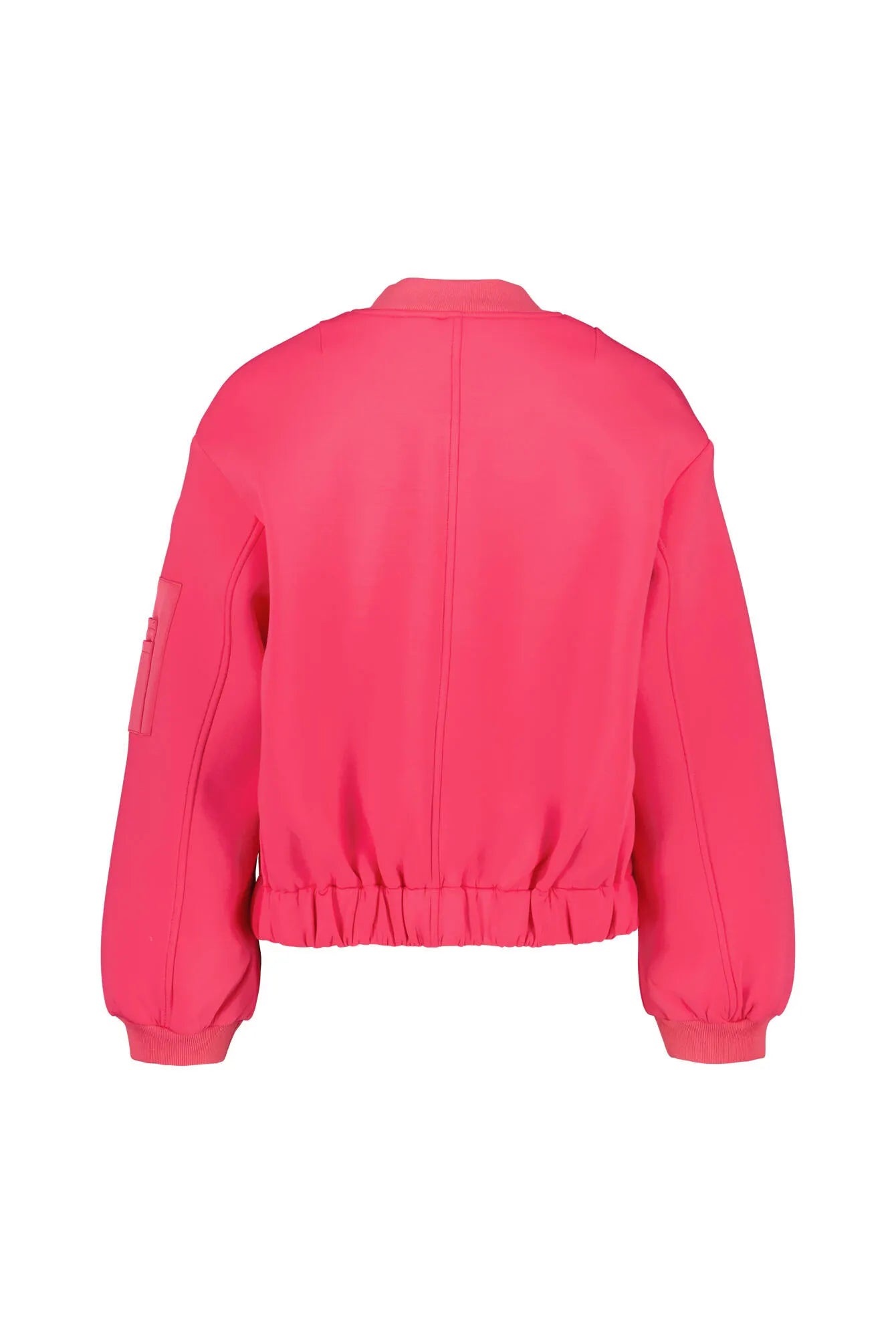 Bomberjacke NOON aus Viskosemix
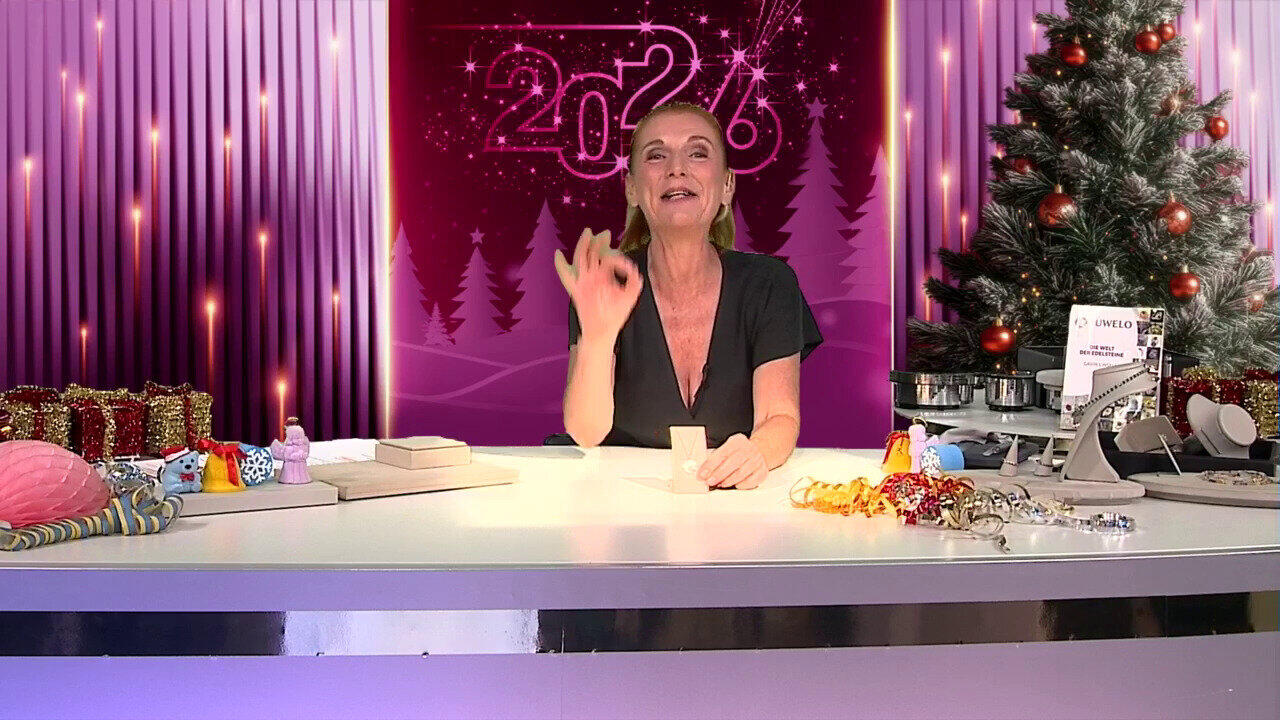 Visualizza l‘ultima asta di gioielli in Tv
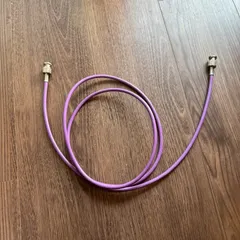 【中古】CANARE 12G対応SDIケーブル L-3CFB 2m 75Ω BNCコネクタのサムネイル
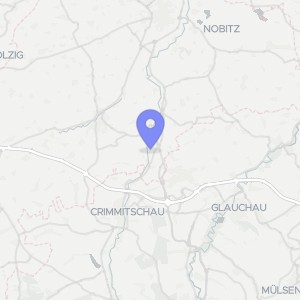 Karte von Am Wasserwerk  6, 04639 Ponitz, Merlach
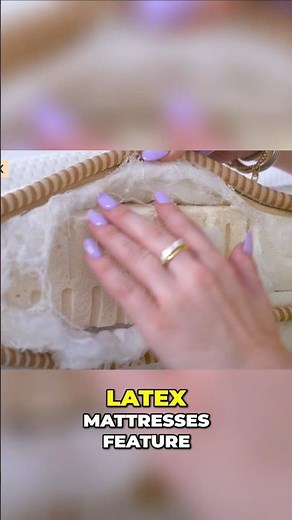 All Natural Latex Mattresses The Ultimate Guide #mattress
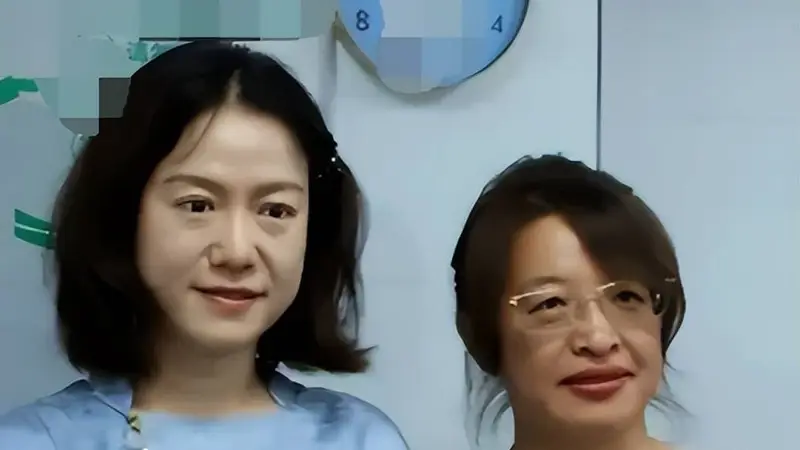 翁帆最新近照曝光!50岁的人,看起来却像30多岁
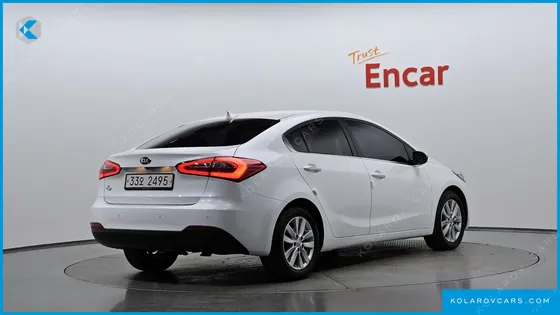KIA K3 LUXURY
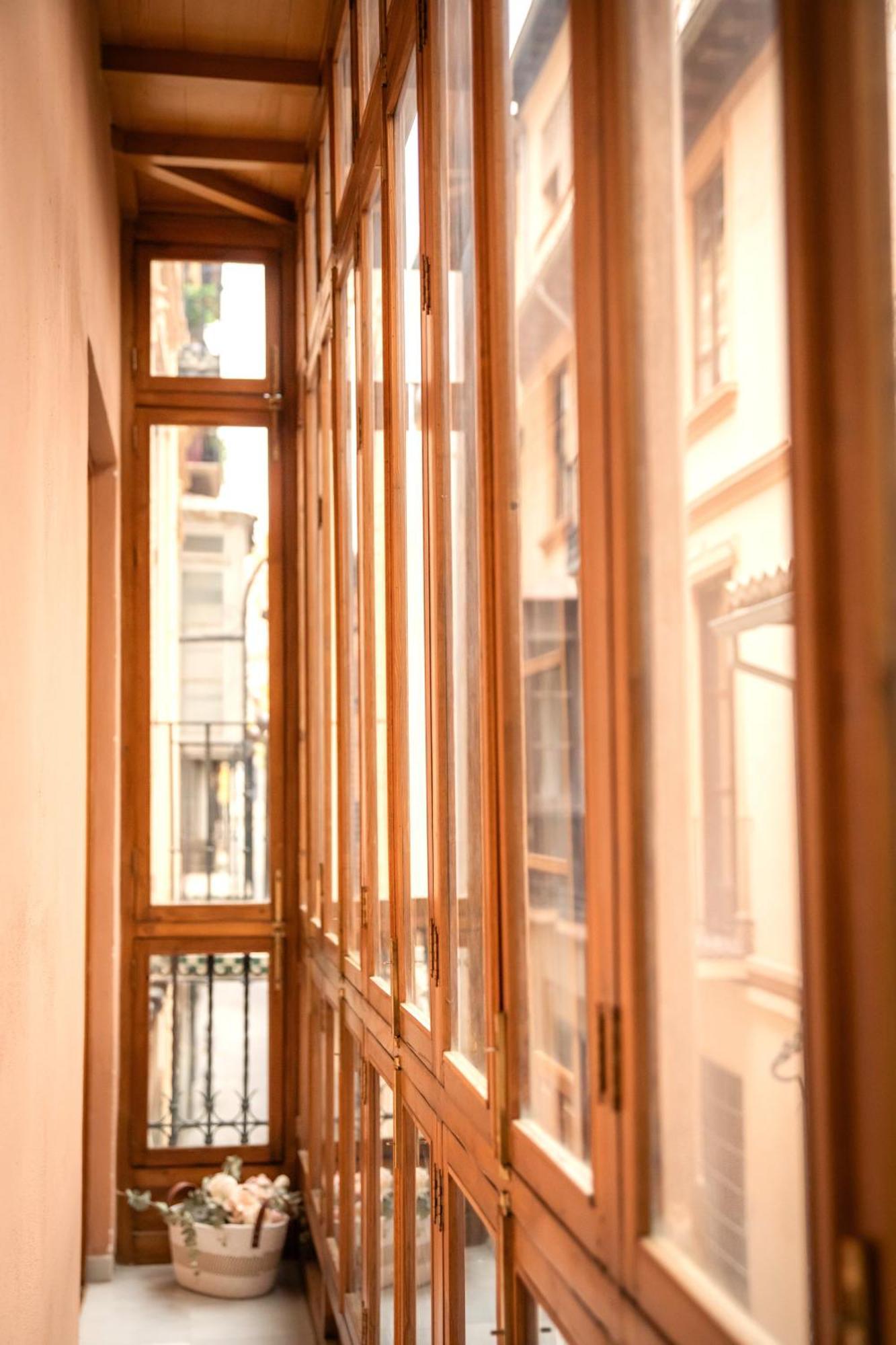 Apartamentos Vita Center Granada Exterior photo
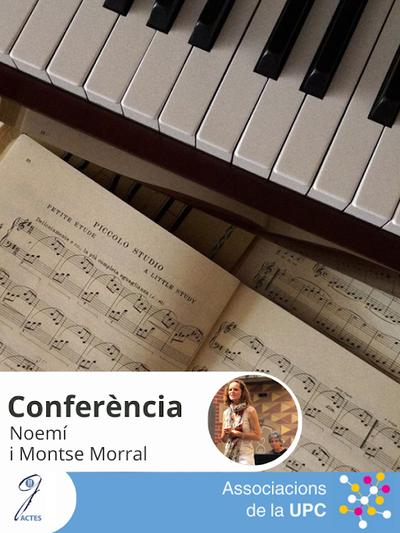 'Finestra Poètica' a càrrec de Noemí i Montse Morral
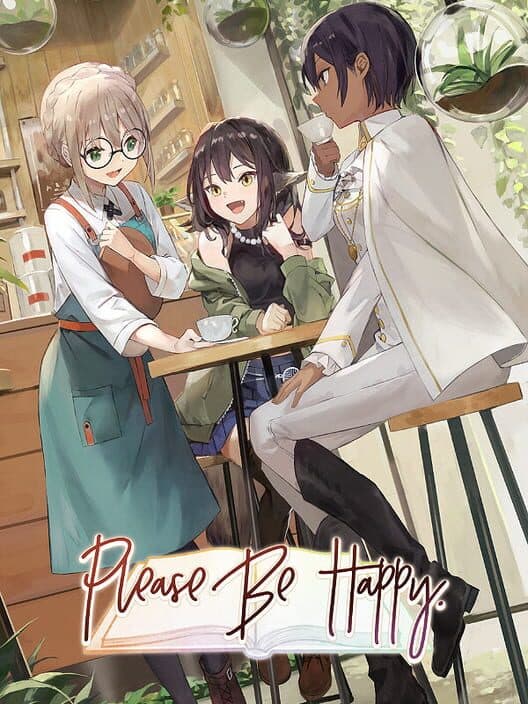 Please Be Happy for PS5 game image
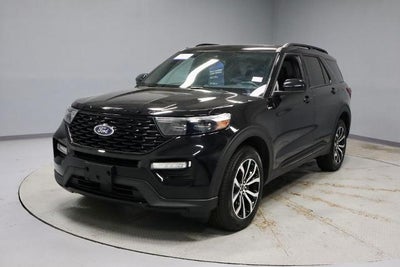 2023 Ford Explorer ST-Line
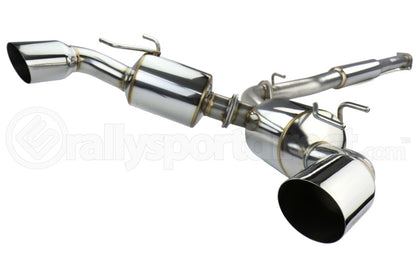 GReddy EVOlution GT Exhaust Subaru BRZ 2017 - eliteracefab.com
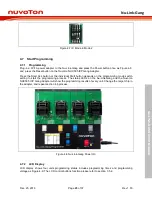 Предварительный просмотр 23 страницы Nuvoton NuMicro Nu-Link-Gang User Manual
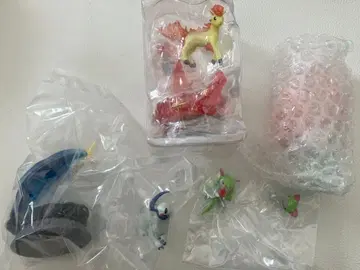 포켓몬 꿈꾸는 달밤의 별 산책 3점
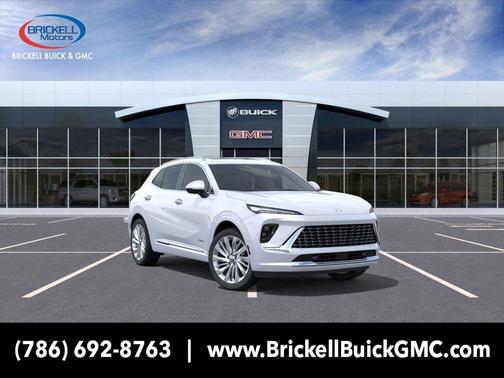 2026 Buick Envision Avenir AWD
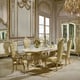 Thumbnail of Dining Room  Beige, Gold Homey Design  photo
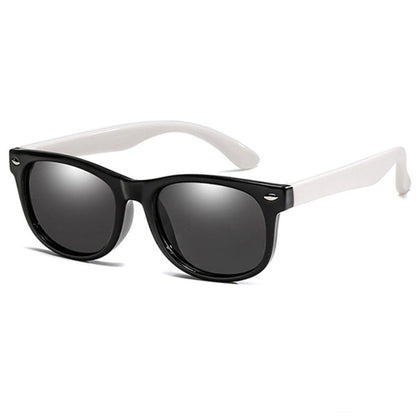 Sandsberg - Flexible Robuste Kinder Sonnenbrille (3 bis 8 Jahre)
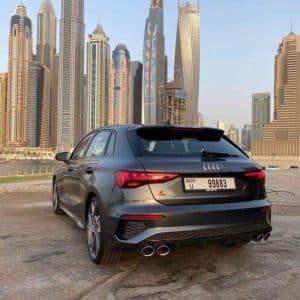 Audi S3 2021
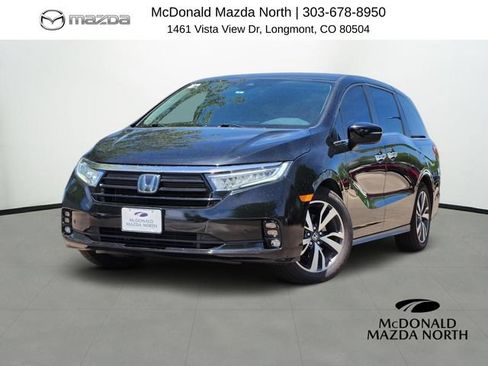 Used 2022 Honda Odyssey Touring image 1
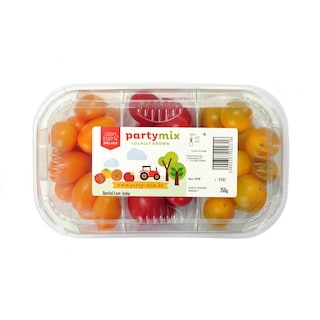 Delhaize | Kerstomaten | Mix 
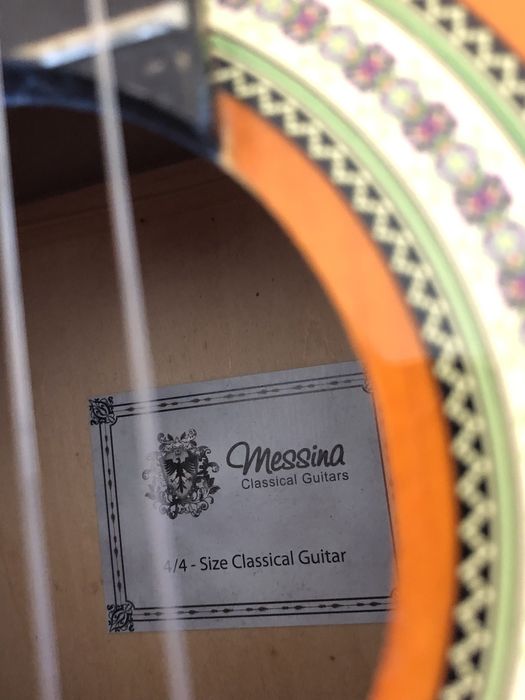 Guitarra clássica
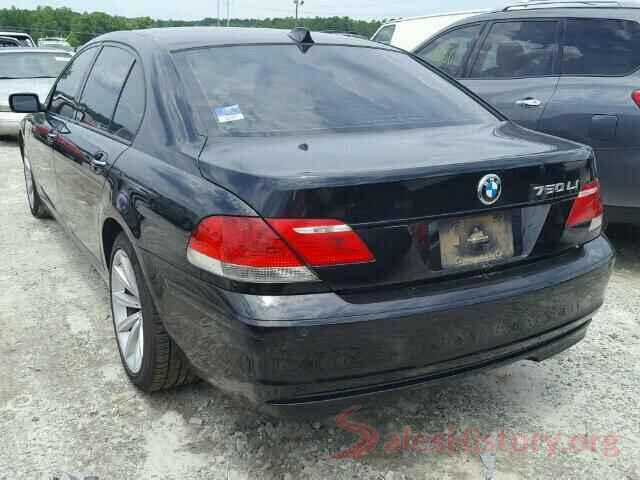 1G1ZE5ST2GF359654 2007 BMW 7 SERIES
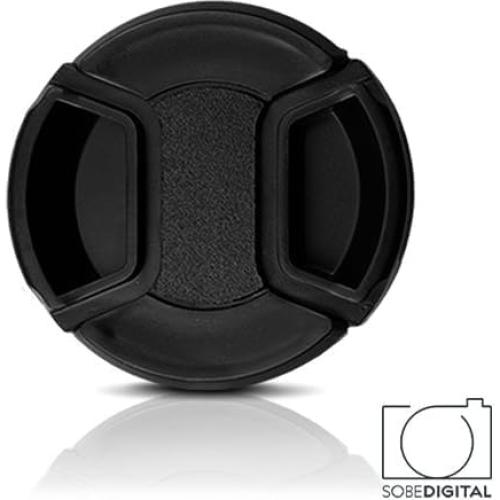 Kit de Accesorios para Cámara Panasonic Lumix DC-FZ80 55mm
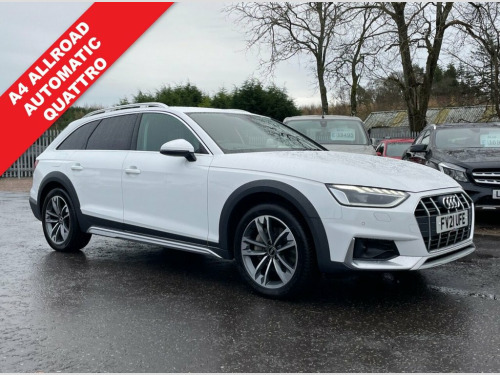 Audi A4 allroad  2.0 TDI 40 Sport Estate 5dr Diesel S Tronic quattr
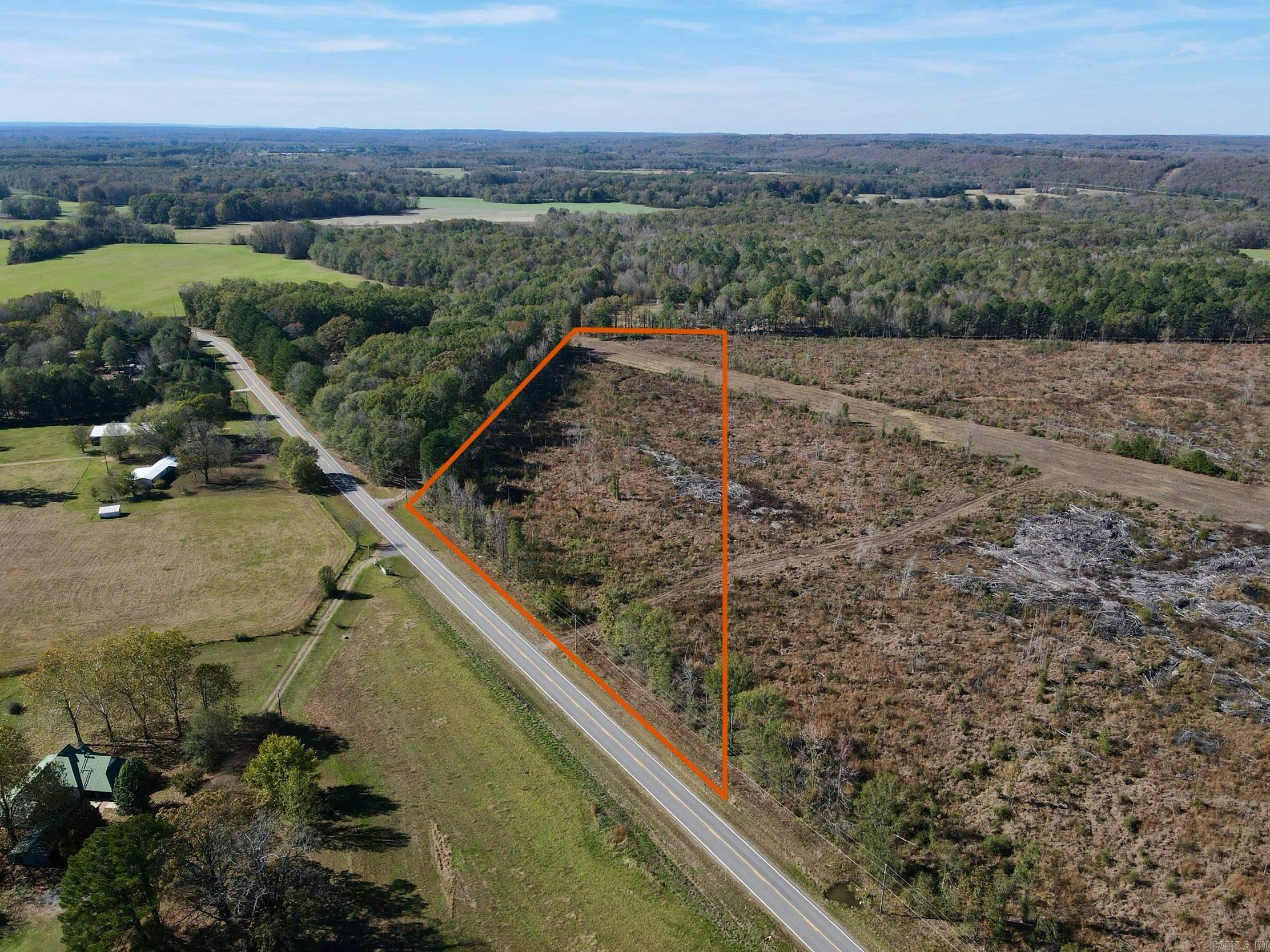 Metes & Bounds - Land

:: Task prompt ::
Quote only the lines that start at the line holding "Sandsberg - Flexible" and end at the last line of the entries, including both of those lines, and omit every picture.

:: Result ::
 Sandsberg - Flexible Robuste Kinder Sonnenbrille (3 bis 8 Jahre)
 Audi S3 2021
 Used 2022 Honda Odyssey Touring image 1
 Delhaize | Kerstomaten | Mix 
 Guitarra clássica
 1G1ZE5ST2GF359654 2007 BMW 7 SERIES
 Kit de Accesorios para Cámara Panasonic Lumix DC-FZ80 55mm
 Audi A4 allroad  2.0 TDI 40 Sport Estate 5dr Diesel S Tronic quattr
 Metes & Bounds - Land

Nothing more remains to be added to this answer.